I'm not sure exactly what I loved about history. Maybe the sheer craziness and improbability of some or a even a lot of it: a teacher in college discussing modern European history used to say, "If you didn't know it was true you'd think it was fiction," a sentiment that most of us feel about contemporary American public affairs, I think it's fair to say.
Or perhaps it was the romance of time and consciousness travelling to far away places and times, the sheer exotica of it all. I'm not a particularly visual person, so it's not as if I easily conjured up what Tsarist Russia looked like, or even felt like, when my grandfather told me stories about experiencing electric lights for the first time in a town dozens of kilometres from his own home.
As my own small intimate family world became more complicated, sadder and harder, any amateur practitioner of psycho-babble could tell me that perhaps I sought to escape my troubles by running away in my mind to some other time and place, that I replaced the people I lost with new connections found in the lives of others. History is a story about the past and perhaps I just plain liked it more than my own life story.
Whatever the reason my sheer love of the past, of both my ability to connect to it yet feel separate and therefore intrigued by its otherness, never left me. Lots of schooling added layers to that personal feeling, now I know lots of fancy ways of "interrogating" the past, asking analytical questions, thinking about problems, blah blah blah. Those methods for me add to never detract from my deeper love of the subject.
So it's with a lot of sadness that I hear the oft-sounded complaints from others that history bores them. Too factual, not enough compelling story. Or too narrative and not intellectually disciplined enough. Too intellectually dispassionate and not personal enough. Or too far away, too hard to feel a connection to something so literally strange.
I hear all that. It helps most of us to connect the micro and the macro, the personal and the social, and then gradually learn how to toggle back and forth between them. When I taught 10th grade European history—a subject which I knew well but for which pedagogically speaking I was completely in over my head—I assigned a family history project. One student, a lovely well behaved but not particularly self confident person at the time, worked on her family's story from Vilna prior to the Holocaust. For an artifact she utilized a picture of her Vilna relatives, including her grandfather as a boy/young adult, on a family business truck. For the next three years we would talk about "The man on the truck": shorthand for the huge events of the rise and fall of Jewish life in Europe, modern social and economic trends like class and capitalism, migration, as well as the Holocaust and World War II. All somehow embodied in "the man on the truck."
So the other day I had my own "man on the truck" episode. I participate in a book group that emerged out of the Tzion program I founded that teaches the history and ideas of Zionism and Israel. The group met on Sunday and at the end of the evening decided for next time to read Vladimir Jabotinsky's novel, The Five. It's a somewhat autobiographical novel, set in Jabotinsky's hometown, Odessa, at the turn of the twentieth century.

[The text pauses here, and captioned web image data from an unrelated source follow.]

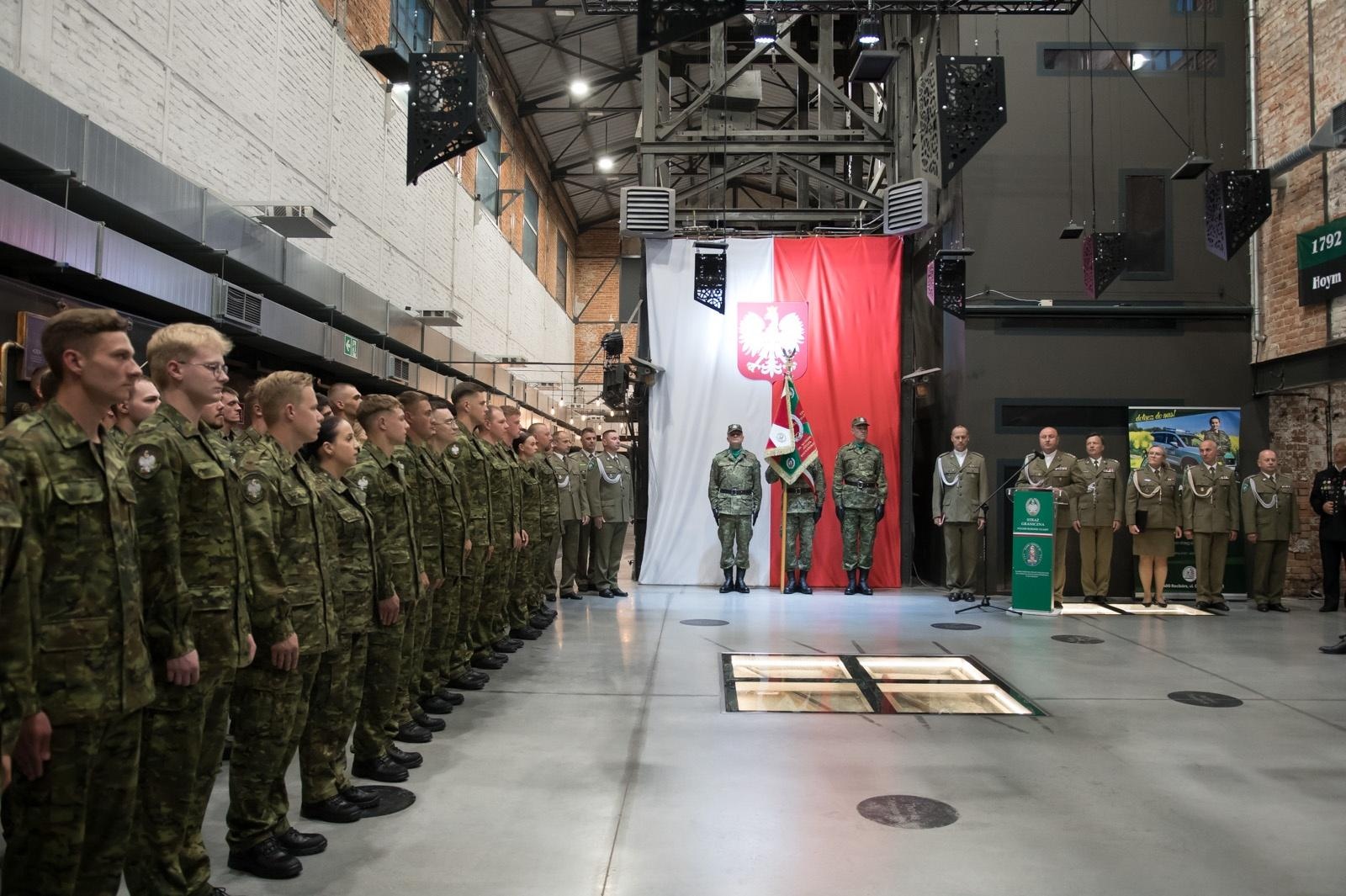 Zdjęcie w galerii na portalu naszraciborz.pl: Uroczyste ślubowanie nowych funkcjonariuszy Śląskiego Oddziału SG i otwarcie Grupy Zamiejscowej w Rybniku wiadomości z regionu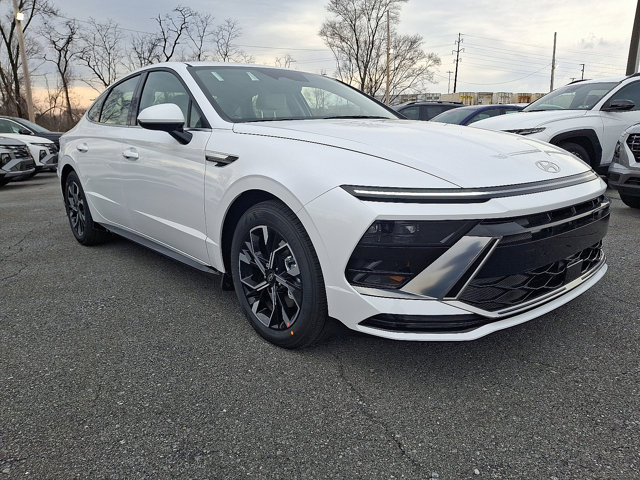 New 2025 Hyundai Sonata SEL AWD/4WD image 1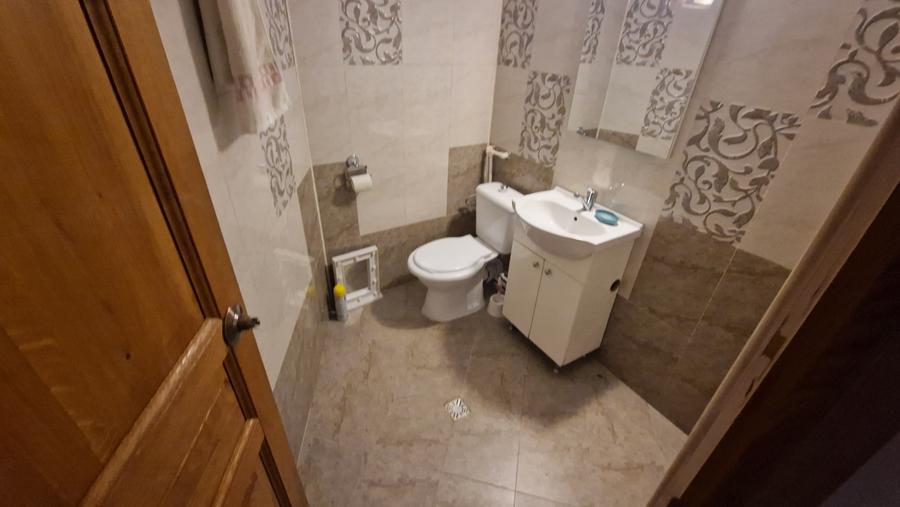 Apartament in casa Schei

I sent the link for the book to the group, an email cohort which somehow includes my uncle, who God willing turns ninety-nine this June. He wrote this response to me:
"Dear David, Jabotinsky used to be a subject of dinner table conversation with Uncle Aaron. You remember that he and Aunt Fan were members of the Odessa young intellectual group who were involved in the 1905 revolt."

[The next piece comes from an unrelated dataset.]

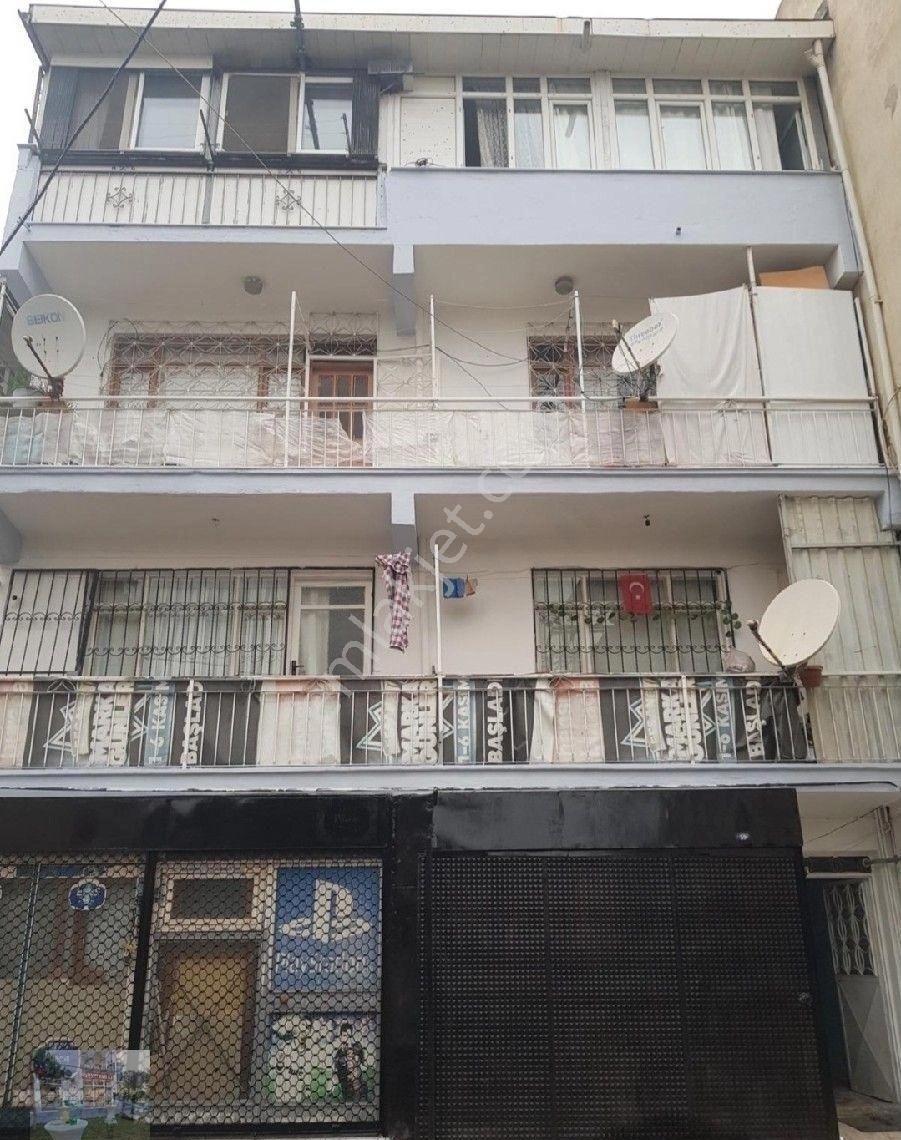 Bayraklı Yamanlar Mah.de Kiralık 2+1 Daire Kanıt Emlaktan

My uncle's uncle, Aaron Moldaw, left the Ukraine and arrived in Boston in 1906, and then brought the rest of his family, including my grandmother, his sister, to America in the years before and after World War I. I knew he'd left Russia because of activities relating to the failed revolution of 1905. But I never knew the Jabotinsky connection. All of these years I've been reading and teaching the great man and his life and times, and I never knew that I'm separated by him only by two degrees.

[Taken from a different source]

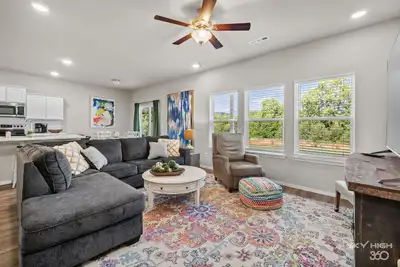 Image de The Bird House - Private Hot Tub, 2 Miles to U of A, Baum & Fayetteville Square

I have a picture of my Great Uncle Aaron with David Ben Gurion and wonder now if he told DBG about his connection to the Revisionist leader, knowing the antipathy that existed between them. I'll probably never know the answer to that. I also have a condolence letter that Rabbi Joseph Soloveitchik wrote to my Aunt Fan when my uncle died, yet another connection to a an important figure in modern Jewish life. So I now feel even closer to the story of my family, to my people, and to the story of Zionism and Israel. Who knew? I wish all students will experience that. They may if they keep reading and trying to discover history for themselves. Consider such discovery your own personal historical version of the search for the missing piece, the seder's notion of the Afikoman. Enjoy the hunt.